DATA SHOWN:
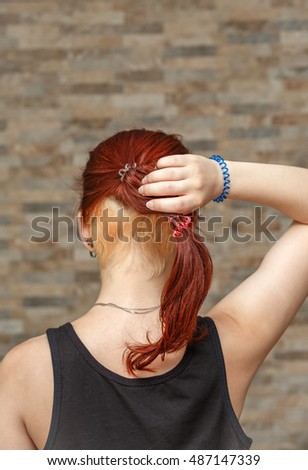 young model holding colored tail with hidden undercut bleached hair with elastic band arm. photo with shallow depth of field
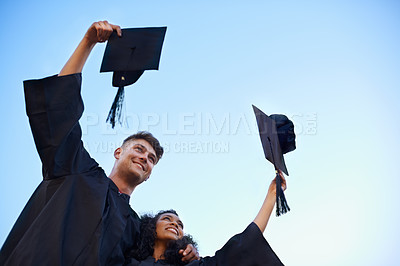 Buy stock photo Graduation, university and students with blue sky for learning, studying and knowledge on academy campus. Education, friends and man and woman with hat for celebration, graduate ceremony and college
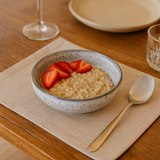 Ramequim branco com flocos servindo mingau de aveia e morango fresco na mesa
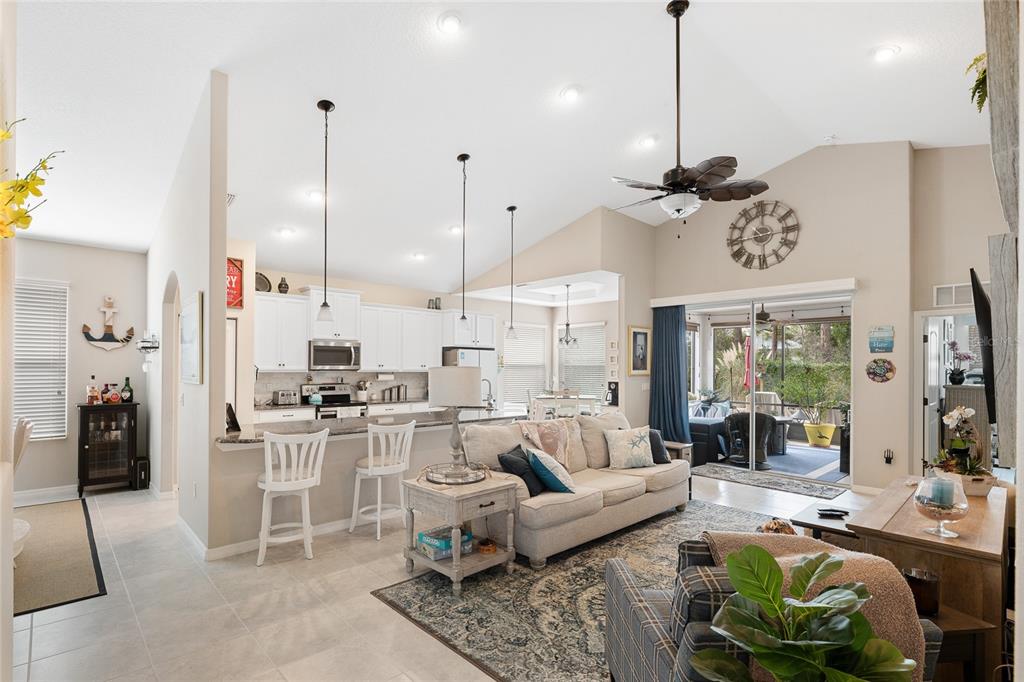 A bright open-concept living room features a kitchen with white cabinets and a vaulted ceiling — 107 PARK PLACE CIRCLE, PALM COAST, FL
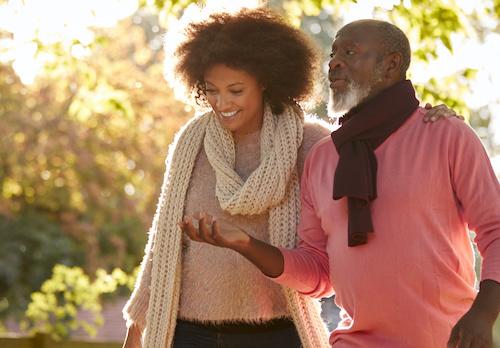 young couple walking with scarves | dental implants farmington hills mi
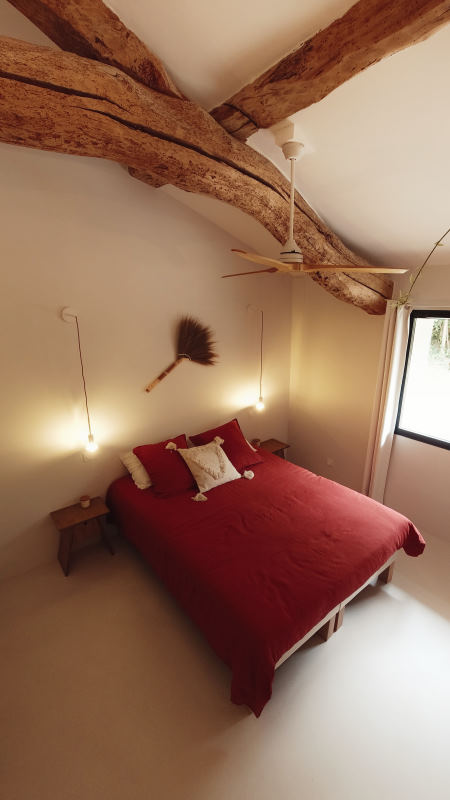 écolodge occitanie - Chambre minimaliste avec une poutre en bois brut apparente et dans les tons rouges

PROBLEM REQUIREMENTS:
An exact copy of the listing is required; return it without any pictures.

ANSWER SPACE:
 young model holding colored tail with hidden undercut bleached hair with elastic band arm. photo with shallow depth of field
 Buy stock photo Graduation, university and students with blue sky for learning, studying and knowledge on academy campus. Education, friends and man and woman with hat for celebration, graduate ceremony and college
 Ramequim branco com flocos servindo mingau de aveia e morango fresco na mesa
 A bright open-concept living room features a kitchen with white cabinets and a vaulted ceiling — 107 PARK PLACE CIRCLE, PALM COAST, FL
 young couple walking with scarves | dental implants farmington hills mi
 écolodge occitanie - Chambre minimaliste avec une poutre en bois brut apparente et dans les tons rouges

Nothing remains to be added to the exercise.